Kathy Cooper can always tell when it’s been a good year.
“You can usually tell how the year’s been when you sell Christmas trees, because people are happy,” said the co-owner of Cooper’s Tree Farm in Braselton. “They’ve had a good year. They are enjoying their families.
“And then some years, you do talk politics down there. They talk about how they’re unhappy with their jobs. These people come every year, so I follow them. You get a good feel of what the economy’s like even at the end of the year. You see how it’s going and what their anticipation is for the future, for the next year.”
And how did her customers predict 2015?
“It feels good to me,” she said, laughing.
That could also be a good omen for Cooper, who is beginning her first term as Hall County commissioner this month.
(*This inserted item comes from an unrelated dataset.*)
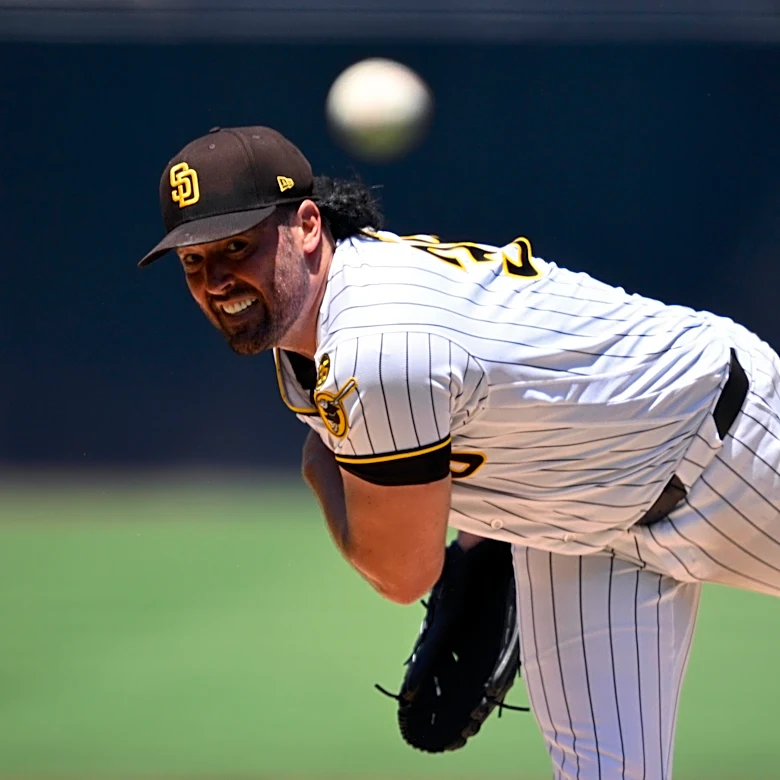Game 137: San Diego Padres at Tampa Bay Rays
Cooper is representing District 1, which encompasses much of South Hall.
As someone who has lived in that area since 1985 — and in Hall since 1976 — the North Hall High graduate has seen firsthand how growth and development have affected the region and its residents.
“I was exposed to a lot of the new growth that was coming in right when it got started heavily,” she said. “I really am proud of the way that South Hall has grown. I think there have been a lot of good people in place early that saw the visions of what needed to happen.
“I just really want to keep that momentum going. There’s a lot of good things going on, and I’m hoping I’ll be a part of some of that, too, to show some direction.”
Finding the balance between growth and land preservation is something she’s interested in. On top of the family’s Christmas tree farm, they also raise cattle and chickens — the Cooper family’s chicken eggs can be found in Whole Foods and Publix under different labels— and she’s keenly aware that the land is “what feeds (her) family.”
“That’s where we make our living,” she said. “I know there’s got to be a balance in everything, and I hope that I can bring that perspective.”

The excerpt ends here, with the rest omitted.